Accumulo is backed by HDFS for persisting its data on disk. It may be
possible to use S3 directly at this layer. I'm not sure what the current
state is for doing something like this, but a brief Googling for "HDFS
on S3" shows a few historical projects which may still be active and mature.
Accumulo also has a replication feature to automatically mirror live
ingest to a pluggable external receiver, which could be a backup service
you've written to store data in S3. Recovery would depend on how you
store the data in S3. You could also implement an ingest system which
stores data to a backup as well as to Accumulo, to handle both live and
bulk ingest.
Accumulo also has an "exporttable" feature, which exports the metadata
for a table, along with a list of files in HDFS for you to back up to S3
(or another file system). Recovery involves using the "importtable"
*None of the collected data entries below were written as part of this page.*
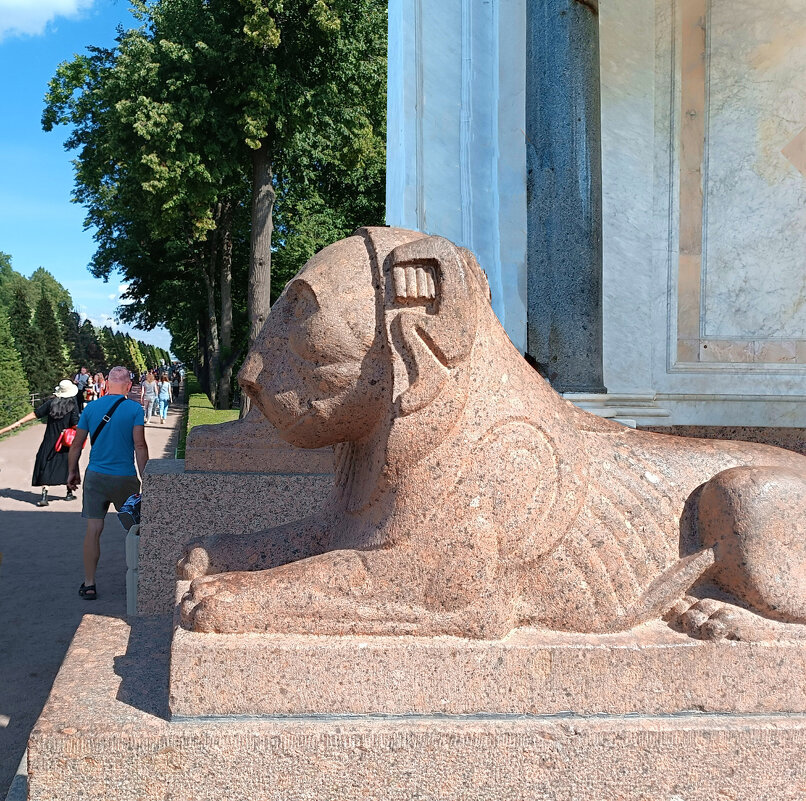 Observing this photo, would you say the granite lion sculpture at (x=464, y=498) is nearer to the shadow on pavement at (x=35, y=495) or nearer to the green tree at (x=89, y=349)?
the shadow on pavement at (x=35, y=495)

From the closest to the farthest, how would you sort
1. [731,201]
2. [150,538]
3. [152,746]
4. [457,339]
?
1. [152,746]
2. [457,339]
3. [150,538]
4. [731,201]

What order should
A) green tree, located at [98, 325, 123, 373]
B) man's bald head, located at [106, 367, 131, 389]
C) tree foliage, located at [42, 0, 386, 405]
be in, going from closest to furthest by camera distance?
1. man's bald head, located at [106, 367, 131, 389]
2. tree foliage, located at [42, 0, 386, 405]
3. green tree, located at [98, 325, 123, 373]

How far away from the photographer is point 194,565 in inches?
99.7

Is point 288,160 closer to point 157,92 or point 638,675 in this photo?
point 157,92

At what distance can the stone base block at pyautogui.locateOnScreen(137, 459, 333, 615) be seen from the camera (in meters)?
3.93

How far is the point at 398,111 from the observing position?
5688 mm

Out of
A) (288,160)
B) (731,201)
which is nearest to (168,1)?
(288,160)

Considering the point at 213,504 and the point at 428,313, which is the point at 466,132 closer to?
the point at 213,504

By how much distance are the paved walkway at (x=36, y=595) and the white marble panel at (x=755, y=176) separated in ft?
14.2

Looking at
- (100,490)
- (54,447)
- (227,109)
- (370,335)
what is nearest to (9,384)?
(227,109)

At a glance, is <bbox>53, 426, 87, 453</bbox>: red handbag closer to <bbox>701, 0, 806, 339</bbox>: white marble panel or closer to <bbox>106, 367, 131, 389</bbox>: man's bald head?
<bbox>106, 367, 131, 389</bbox>: man's bald head

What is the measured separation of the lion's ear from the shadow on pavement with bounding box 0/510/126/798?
242cm

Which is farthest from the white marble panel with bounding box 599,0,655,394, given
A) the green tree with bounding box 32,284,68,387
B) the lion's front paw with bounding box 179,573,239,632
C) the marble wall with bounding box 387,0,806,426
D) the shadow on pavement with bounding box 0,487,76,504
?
the green tree with bounding box 32,284,68,387

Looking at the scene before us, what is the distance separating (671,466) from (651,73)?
405 cm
feature which recreates the metadata, and bulk importing the files after
you've moved them from your backup location back onto HDFS.
This is just a rough outline of 3 possible solutions. I don't know which
(if any) would match your requirements best. There may be many other
solutions as well.
On Tue, Oct 3, 2017 at 4:10 PM <[email protected]
<mailto:[email protected]>> wrote:
Please forgive the newbie question. What options are there for
backup and recovery of accumulo data?____
__ __
Ideally I would like something that would replicate to S3 in
realtime.____